(Collected data)
******
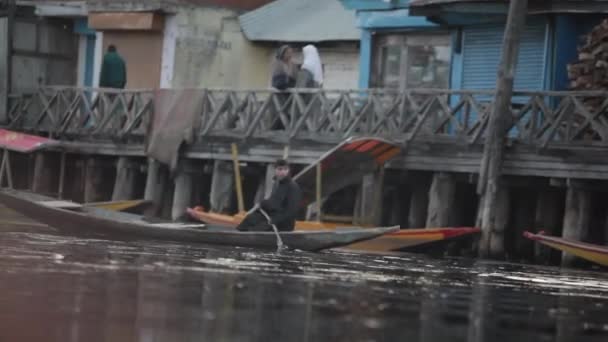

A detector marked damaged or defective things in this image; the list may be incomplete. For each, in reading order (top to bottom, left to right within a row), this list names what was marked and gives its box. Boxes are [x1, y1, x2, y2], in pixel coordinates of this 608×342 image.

rusty metal roof [239, 0, 360, 43]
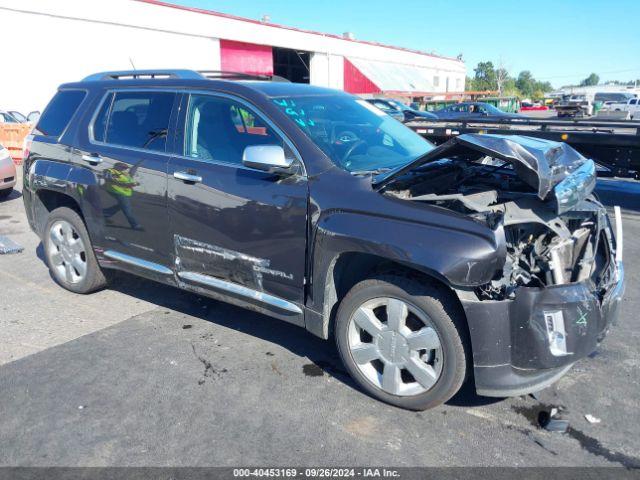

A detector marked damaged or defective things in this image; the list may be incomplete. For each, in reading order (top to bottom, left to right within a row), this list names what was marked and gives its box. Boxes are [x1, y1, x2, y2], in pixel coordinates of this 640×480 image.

crumpled hood [372, 133, 592, 199]
damaged front end [378, 135, 624, 398]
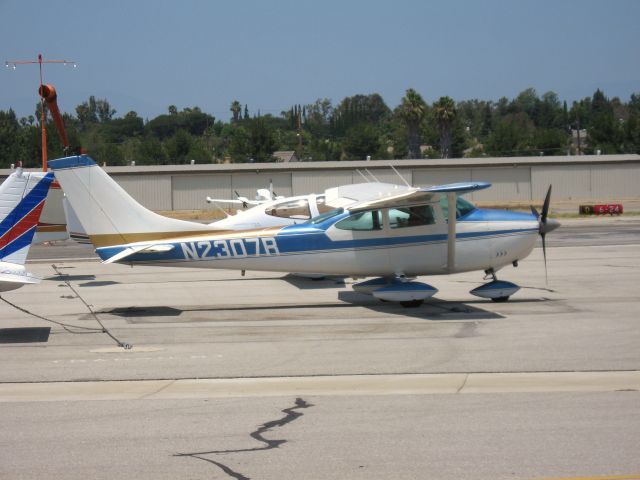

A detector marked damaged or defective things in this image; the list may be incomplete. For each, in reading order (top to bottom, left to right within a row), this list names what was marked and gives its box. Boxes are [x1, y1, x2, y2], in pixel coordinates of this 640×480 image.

tarmac crack [174, 398, 314, 480]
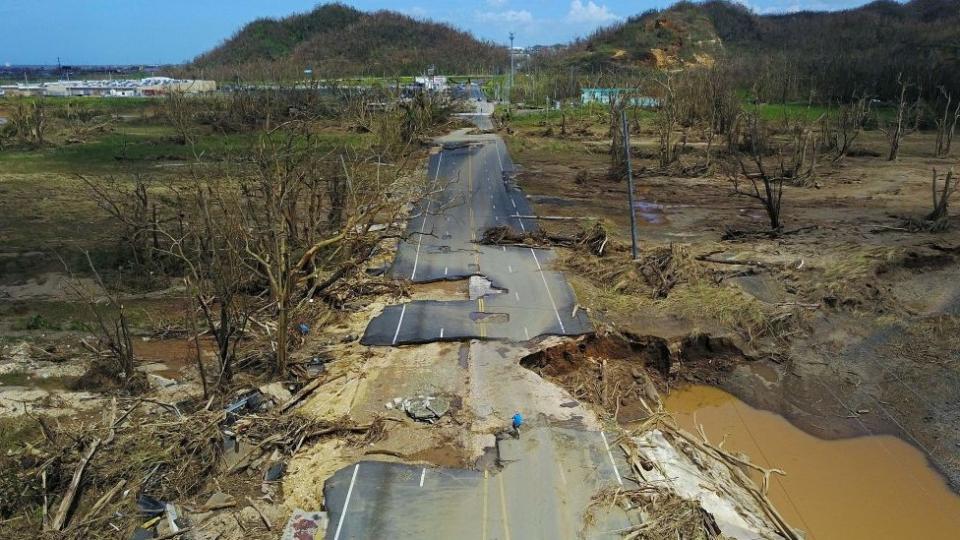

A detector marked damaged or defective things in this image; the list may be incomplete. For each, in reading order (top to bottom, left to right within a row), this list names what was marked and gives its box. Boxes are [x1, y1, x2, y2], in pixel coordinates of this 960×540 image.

damaged asphalt road [358, 133, 588, 344]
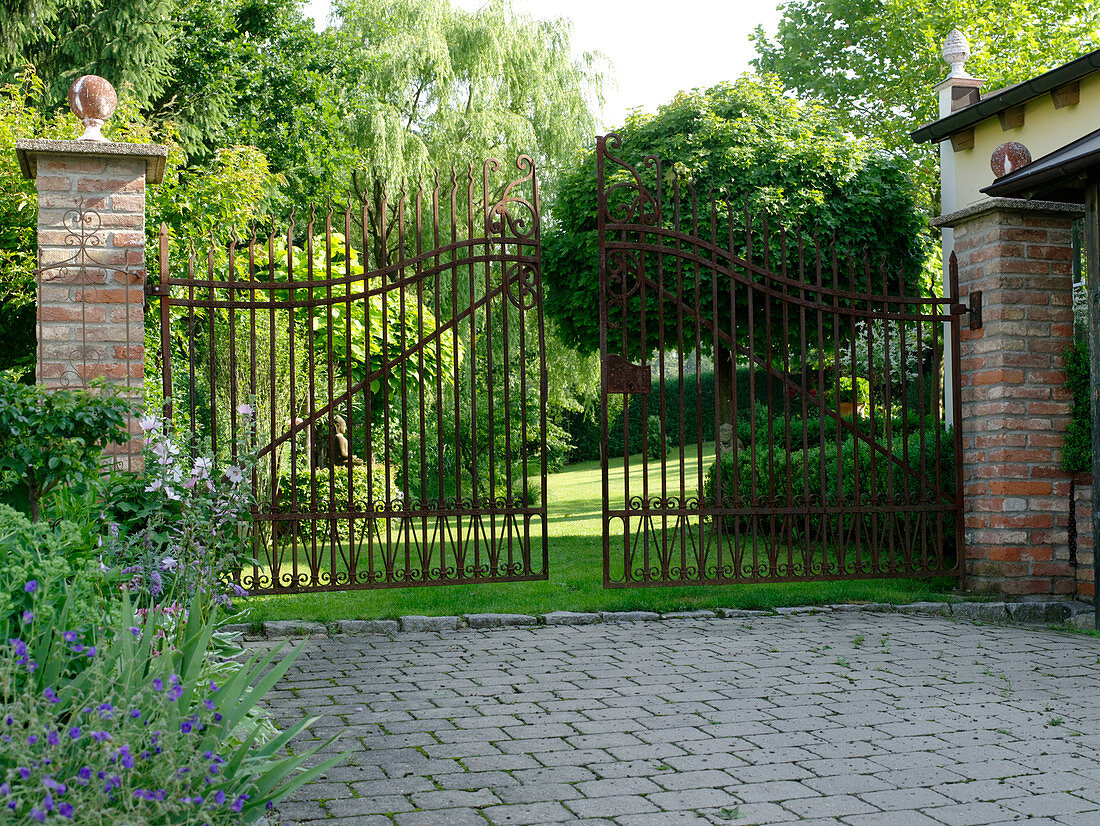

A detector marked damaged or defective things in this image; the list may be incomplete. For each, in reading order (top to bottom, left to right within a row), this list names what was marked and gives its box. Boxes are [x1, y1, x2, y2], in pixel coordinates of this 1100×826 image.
******
The entries above need to be transcribed word for word, and the pictures stay out.

_Reply_:
A detector marked damaged or defective things in this image; the list may be incomplete. For each, in reading order (top to bottom, left to right within a row), this list names what was marked and gives its box. Boxes are [x1, y1, x2, y2], in pixel coordinates of this 608×342 image.

rusty metal roof [239, 0, 360, 43]

A detector marked damaged or defective things in this image; the list may be incomplete. For each, in reading order (top to bottom, left to right within a row), this list names what was marked and gives its box. Boxes are [x1, y1, x2, y2], in pixel coordinates of this 640×480 image.

crumpled hood [372, 133, 592, 199]
damaged front end [378, 135, 624, 398]

A detector marked damaged or defective things in this image; the list may be incomplete. For each, in reading order (top to bottom, left to right within a row), this list names what was marked and gives its box. Boxes are [x1, y1, x2, y2], in pixel coordinates of this 640×480 image.

tarmac crack [174, 398, 314, 480]

A detector marked damaged or defective things in this image; the list may be incomplete. For each, in reading order (top to bottom, left to right within a row), this list names what was marked and gives its box. Boxes are [x1, y1, x2, y2], in pixel coordinates of this 960×540 image.

damaged asphalt road [358, 133, 588, 344]

A detector marked damaged or defective things in this image; the list may be incomplete. For each, in reading order (top to bottom, left to right within a row), this list names what was marked and gives its box. Boxes are [x1, y1, x2, y2], in pixel coordinates of this 1100×826 image.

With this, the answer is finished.